Nobody Move Or Sterling and Interest Rates Get It!

Posted on the 12 May 2016 by Markwadsworth @Mark_Wadsworth

Yesterday's Project Fear output, via MBK:
From The Times:
Leaving the European Union would immediately cause the value of the pound to plummet by as much as 20 per cent, while income tax would have to rise to counter cuts in migration, a respected think tank has warned.
A vote to leave would result in a “significant shock to the UK economy”, the non-partisan National Institute for Economic and Social Research has said, as it presented prospects for the UK up to 2030 in the event of Brexit.

From The Telegraph:
The Bank of England will need to raise its key interest rate or Bank Rate to 3.5pc by the end of next year if Britain votes to leave the EU, the newest recruit to the Monetary Policy Committee has warned privately.
Michael Saunders, who was chief economist at Citibank, and will join the rate-setting MPC in August, said the drastic rise would be needed because Brexit would cause the pound to collapse, which would send inflation sharply higher.

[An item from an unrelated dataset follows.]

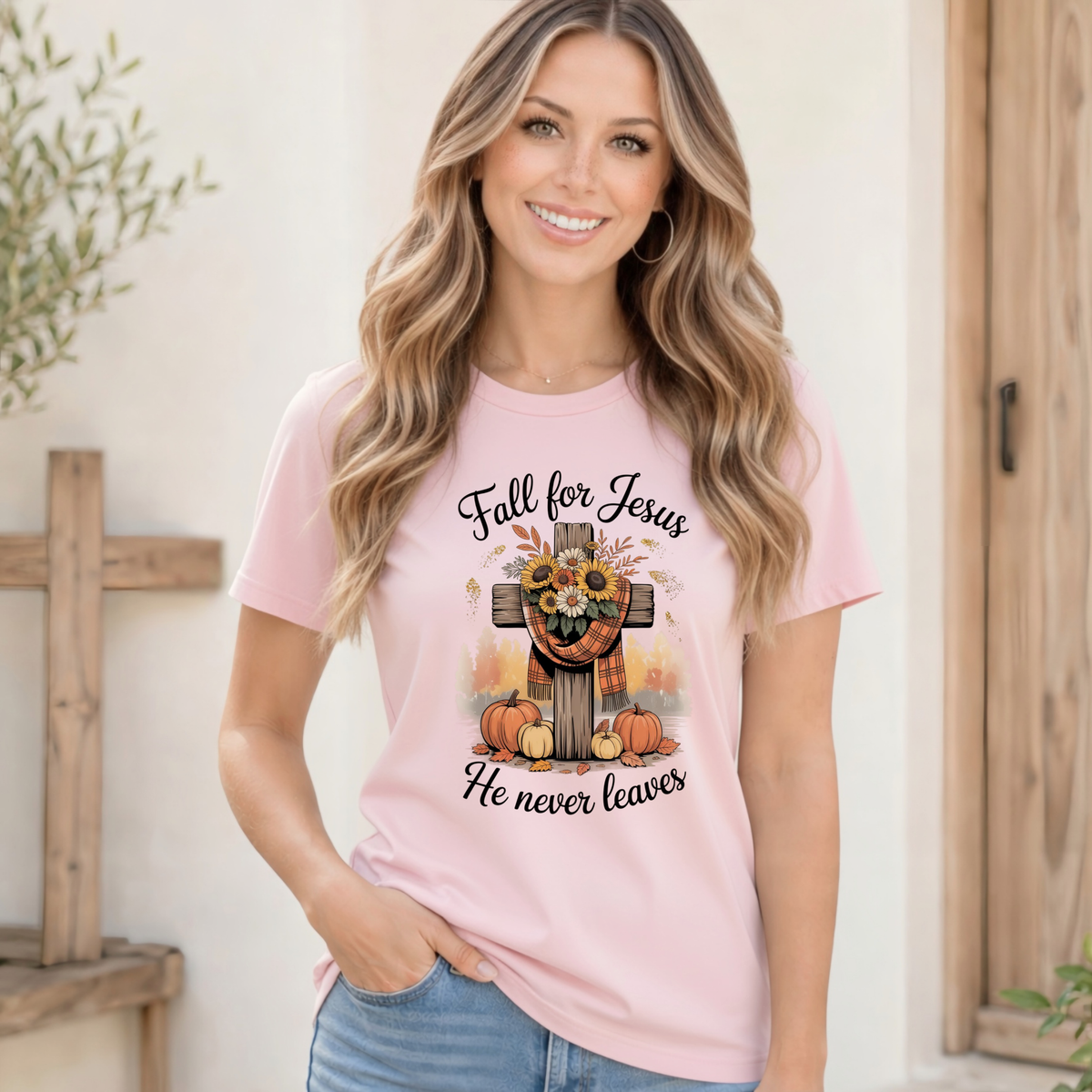 Smiling woman wearing a light pink T-shirt with the Fall for Jesus He Never Leaves cross, pumpkin, and sunflower design near a rustic wooden doorway.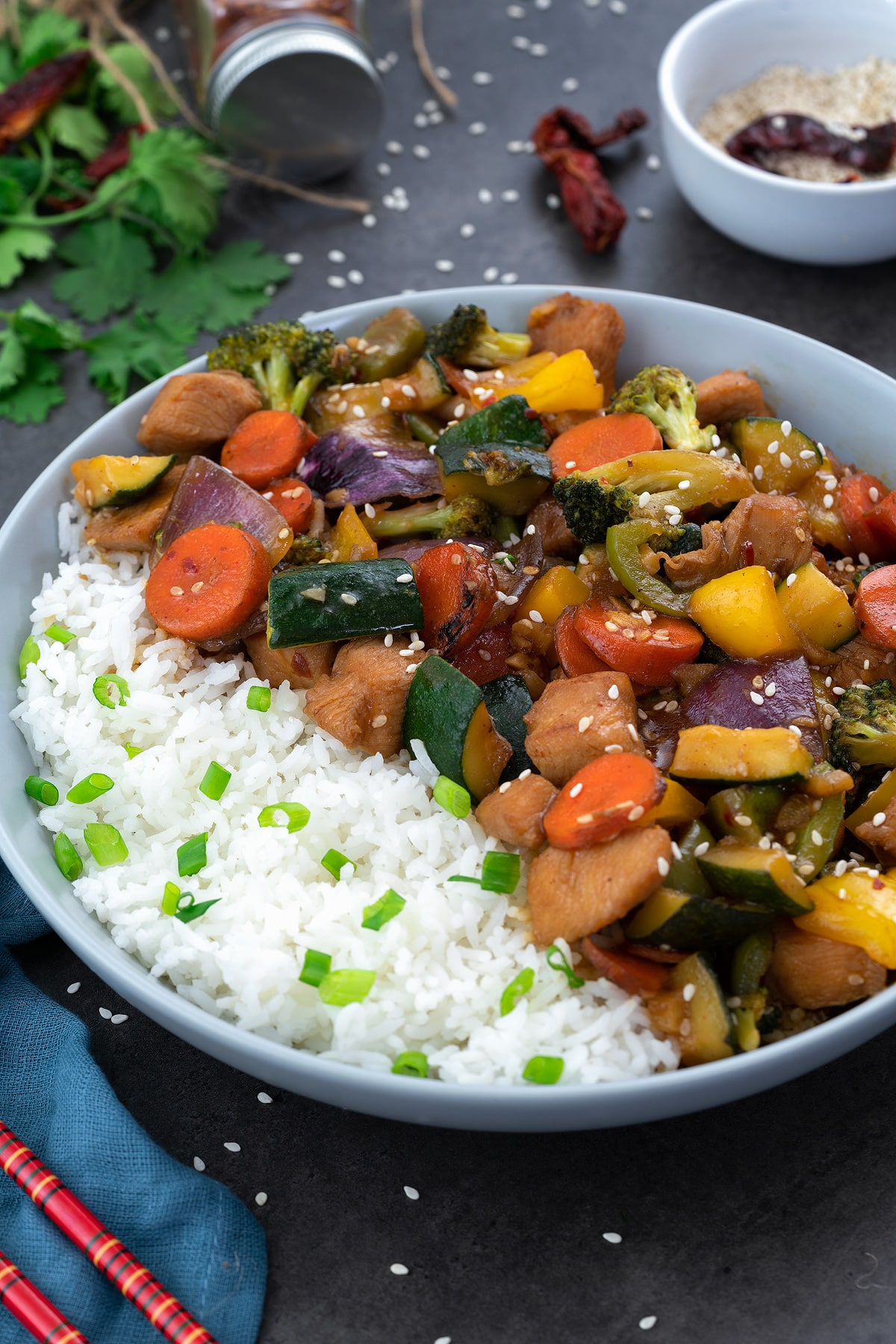 Chicken Stir Fry in a white bowl with rice with few ingredients around.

If we were to stupid enough to reduce 'good' immigration (younger, healthier, skilled/working, ready to integrate) then yes, income tax rates on everybody else might rise a bit, some people say that would be a price worth paying. I don't think it is, but clearly, if we reduced 'bad' immigration, tax rates would go down a bit, which looks like a win-win to me.
The rest of their logic seems to be [unspecified cause] = GBP falls = inflation rises = Bank of England has to increase interest rates.
There's no particular reason to assume that Brexit would cause GBP to fall that dramatically, but even if it did, what would be the knock-on effects? No need to ponder too hard, let's just look at the last two instances of this happening - after Black Wednesday in 1992 and between 2008 and 2012, when GBP fell by a quarter each time.
There was surprisingly little impact on consumer prices (putting land prices to one side) in either instance, and the Bank of England did not increase interest rates - during both periods it actually reduced them (leading to land price inflation).
So nothing to worry about, as per usual.
Nobody move or sterling and interest rates get it!